Nostalgia is good - Progressives might not like it, but there was a lost golden age


The current political class is dominated by the ethics of vanity identified by Jesse Norman MP in his book on Edmund Burke MP as liberal individualism.  This liberal individualism permeates the thinking of the metropolitan class that has the time and money to govern the rest of us.  It is the nadir of a gradual decline in Western thinking that puts the material before the spiritual, the modern and novel before tradition, the atomised individual before society and science before religion.

On the Left we see this reductionist outlook represented in its disparaging of institutions that make up the fabric of our society, sneering at valuable institutions from monarchy to marriage.  If we are all individuals the Left says we should not be oppressed by conjugal vows or subject to a Queen.

Meanwhile the Right has forgotten its duty to conserve our institutions and has turned a legitimate institution, the market, into an idol. It regards market economics rather than values and norms of behaviour as explaining human actions.  Patriotism and faith are replaced by rational choice theory.
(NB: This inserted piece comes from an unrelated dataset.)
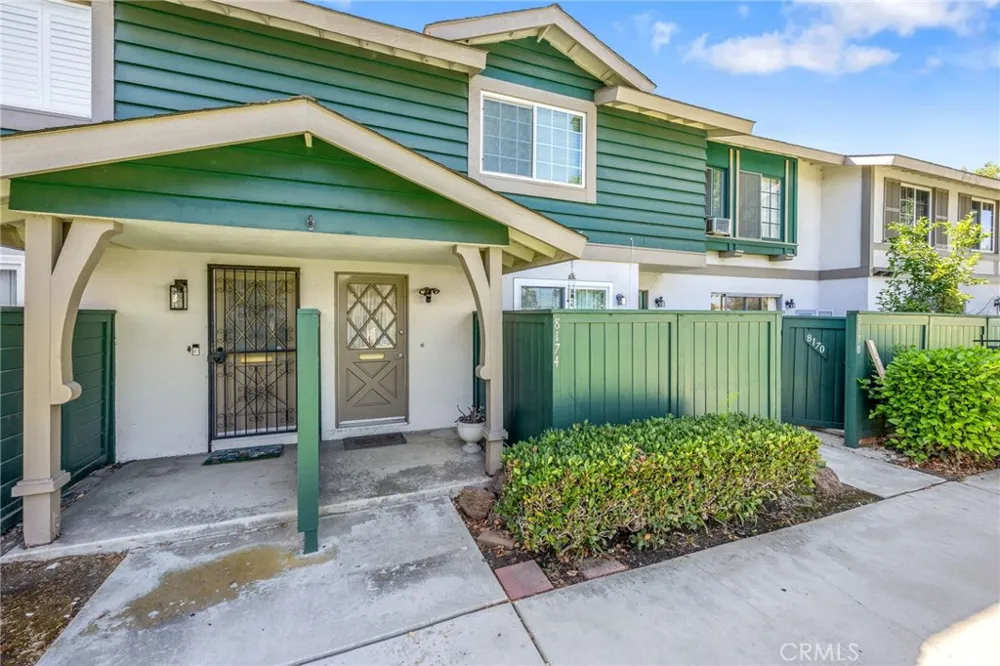 8174 Glengarry Green Buena Park, CA 90621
Things really seemed to go wrong after the wonderful scientific discoveries of men of faith such as Isaac Newton.  This great deepening of our understanding of the material world, which began as a wonder at Creation was turned into idolatry of science, where science was claimed as the explanation of all things and our institutions and traditions were only seen as valuable if they could be justified by scientific tests.

Not only was this so-called Enlightenment anti-religious it was also in a sense anti- human.  The one man who did most to pervert our new scientific understanding was that serpent in the garden of philosophy, Jean-Jacques Rousseau.  At university the blogger undertook a whole module on this leading thinker of the Enlightenment and discovered a misanthrope.  He seemed to regard human interaction as leading to a destructive amour propre.  For him the human institutions that bind generations together with their accumulated wisdom were forces of oppression.  He therefore detested the society Man had built up in the light of religious faith. 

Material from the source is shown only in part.